Anyway back to the water testing issue, do you know of other labs. My county health department will test water but they don't provide a complete lab report for brewing and I'm still curious about your statement in a previous thread about shipping samples can skew the results.
 
I'm afraid I can't recommend any other labs (I do all my testing myself) but I know you can find them in the phone book, in the Grainger catalog (you buy a kit of empty bottles, fill them up and Fedex them off - the testing is prepaid when you buy the thing) etc. The problem is that none of them, that I've ever seen, gives you the set of stuff that Ward Labs does at the price. I think they did screw up on your RO sample but at the price they provide and awfully good service for brewers, IMO.

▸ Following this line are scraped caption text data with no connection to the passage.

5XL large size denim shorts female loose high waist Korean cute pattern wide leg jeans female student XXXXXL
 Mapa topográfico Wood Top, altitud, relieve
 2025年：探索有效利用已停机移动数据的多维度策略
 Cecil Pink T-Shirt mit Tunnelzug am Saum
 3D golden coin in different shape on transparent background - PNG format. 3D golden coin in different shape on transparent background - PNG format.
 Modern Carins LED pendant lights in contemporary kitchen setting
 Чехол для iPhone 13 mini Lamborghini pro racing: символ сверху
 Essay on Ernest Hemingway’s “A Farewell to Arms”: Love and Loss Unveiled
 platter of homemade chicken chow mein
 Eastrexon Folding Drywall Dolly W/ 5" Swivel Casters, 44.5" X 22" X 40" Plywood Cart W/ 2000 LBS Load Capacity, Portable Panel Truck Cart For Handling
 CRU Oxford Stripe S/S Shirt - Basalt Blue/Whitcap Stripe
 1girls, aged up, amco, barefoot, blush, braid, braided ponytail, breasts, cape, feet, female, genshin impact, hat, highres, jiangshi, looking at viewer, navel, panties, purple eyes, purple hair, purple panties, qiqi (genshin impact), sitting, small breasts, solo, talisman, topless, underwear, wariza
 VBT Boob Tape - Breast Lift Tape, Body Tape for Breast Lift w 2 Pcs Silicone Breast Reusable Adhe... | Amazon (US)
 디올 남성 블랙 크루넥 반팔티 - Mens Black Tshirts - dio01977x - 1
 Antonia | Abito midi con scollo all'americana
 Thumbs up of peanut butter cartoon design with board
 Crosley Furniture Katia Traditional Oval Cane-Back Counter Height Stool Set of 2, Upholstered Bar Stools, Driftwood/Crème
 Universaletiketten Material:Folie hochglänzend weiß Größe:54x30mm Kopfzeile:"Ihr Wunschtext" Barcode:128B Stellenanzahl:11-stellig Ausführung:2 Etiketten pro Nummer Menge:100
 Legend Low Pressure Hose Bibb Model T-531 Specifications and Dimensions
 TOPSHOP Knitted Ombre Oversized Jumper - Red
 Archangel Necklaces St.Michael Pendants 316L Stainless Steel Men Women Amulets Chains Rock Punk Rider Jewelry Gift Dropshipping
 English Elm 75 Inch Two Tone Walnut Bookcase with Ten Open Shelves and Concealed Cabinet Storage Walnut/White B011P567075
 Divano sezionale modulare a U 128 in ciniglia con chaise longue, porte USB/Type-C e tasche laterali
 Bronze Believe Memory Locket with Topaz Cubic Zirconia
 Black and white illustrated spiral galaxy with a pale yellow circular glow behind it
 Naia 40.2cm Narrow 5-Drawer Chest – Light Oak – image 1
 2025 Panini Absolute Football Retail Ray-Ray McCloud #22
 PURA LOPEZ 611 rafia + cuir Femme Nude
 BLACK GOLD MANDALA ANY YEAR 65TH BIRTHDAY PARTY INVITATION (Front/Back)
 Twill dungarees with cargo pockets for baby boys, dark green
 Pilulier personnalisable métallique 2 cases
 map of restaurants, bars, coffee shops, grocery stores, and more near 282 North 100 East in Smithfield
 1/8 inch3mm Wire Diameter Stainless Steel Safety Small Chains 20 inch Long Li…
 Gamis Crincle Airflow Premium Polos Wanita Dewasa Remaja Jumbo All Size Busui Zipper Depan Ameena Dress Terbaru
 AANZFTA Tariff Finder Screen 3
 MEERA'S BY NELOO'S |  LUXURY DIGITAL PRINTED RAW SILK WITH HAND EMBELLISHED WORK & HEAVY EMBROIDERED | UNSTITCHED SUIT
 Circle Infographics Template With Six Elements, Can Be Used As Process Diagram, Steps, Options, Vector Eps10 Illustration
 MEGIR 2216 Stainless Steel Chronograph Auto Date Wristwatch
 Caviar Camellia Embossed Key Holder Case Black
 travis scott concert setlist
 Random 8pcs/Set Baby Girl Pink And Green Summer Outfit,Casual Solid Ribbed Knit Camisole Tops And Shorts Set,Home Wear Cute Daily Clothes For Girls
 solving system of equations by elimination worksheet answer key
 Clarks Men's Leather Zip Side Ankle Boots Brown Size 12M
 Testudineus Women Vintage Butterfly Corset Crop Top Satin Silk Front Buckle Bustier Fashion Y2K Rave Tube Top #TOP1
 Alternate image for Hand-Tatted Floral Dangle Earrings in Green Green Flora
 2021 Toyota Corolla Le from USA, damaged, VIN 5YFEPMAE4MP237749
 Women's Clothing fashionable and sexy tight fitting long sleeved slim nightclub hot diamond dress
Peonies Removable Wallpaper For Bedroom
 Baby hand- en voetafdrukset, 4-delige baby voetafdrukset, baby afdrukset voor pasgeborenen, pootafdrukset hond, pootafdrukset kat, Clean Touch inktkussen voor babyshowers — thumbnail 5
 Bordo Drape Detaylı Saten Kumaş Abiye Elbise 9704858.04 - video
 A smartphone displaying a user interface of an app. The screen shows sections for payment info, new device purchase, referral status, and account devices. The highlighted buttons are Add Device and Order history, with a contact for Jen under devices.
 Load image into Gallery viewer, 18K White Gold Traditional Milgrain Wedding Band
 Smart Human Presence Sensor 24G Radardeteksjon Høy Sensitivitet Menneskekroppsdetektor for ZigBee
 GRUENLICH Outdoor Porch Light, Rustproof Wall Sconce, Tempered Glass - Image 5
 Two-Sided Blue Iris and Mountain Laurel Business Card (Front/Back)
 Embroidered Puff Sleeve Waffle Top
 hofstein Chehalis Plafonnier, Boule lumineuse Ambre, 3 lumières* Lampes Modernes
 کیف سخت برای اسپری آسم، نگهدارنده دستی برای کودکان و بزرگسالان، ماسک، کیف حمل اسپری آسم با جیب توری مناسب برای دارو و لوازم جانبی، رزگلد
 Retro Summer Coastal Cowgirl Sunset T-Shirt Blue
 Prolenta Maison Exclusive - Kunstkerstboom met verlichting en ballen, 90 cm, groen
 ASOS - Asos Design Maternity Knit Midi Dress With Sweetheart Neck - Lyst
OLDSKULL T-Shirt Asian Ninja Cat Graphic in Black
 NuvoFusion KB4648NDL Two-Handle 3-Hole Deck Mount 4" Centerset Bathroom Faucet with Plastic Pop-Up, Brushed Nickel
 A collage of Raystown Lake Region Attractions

The problem with shipping is that the sample can lose CO2. This happens with more with samples with at low pH since much of their carbo is in the form of dissolved CO2. This can throw an acidity measurement way off but brewers aren't really interested in acidity, just alkalinity and alkalinity is little effected. Just as an example a sample with 6 mmol/L carbo at pH 6, where 70% would be carbonic, has an alkalinity of 88 ppm as CaCO3. This is not that unreasonable a pH for some wells, by the way. If such a sample stands to the point where the pH rises to 7 it will have lost 3.82 mmol/L as CO2 gas but it's alkalinity will be 89.5. That's not much of a change so you only need worry about shipping WRT alkalinity if you want the most precise analysis and there is really little need for that in home brewing.

The other problem with overnight shipping, and I think this was mentioned earlier, is that microbiological testing results can be skewed if the sample is not processed within 12 - 24 hours and is not kept cold between collection and testing.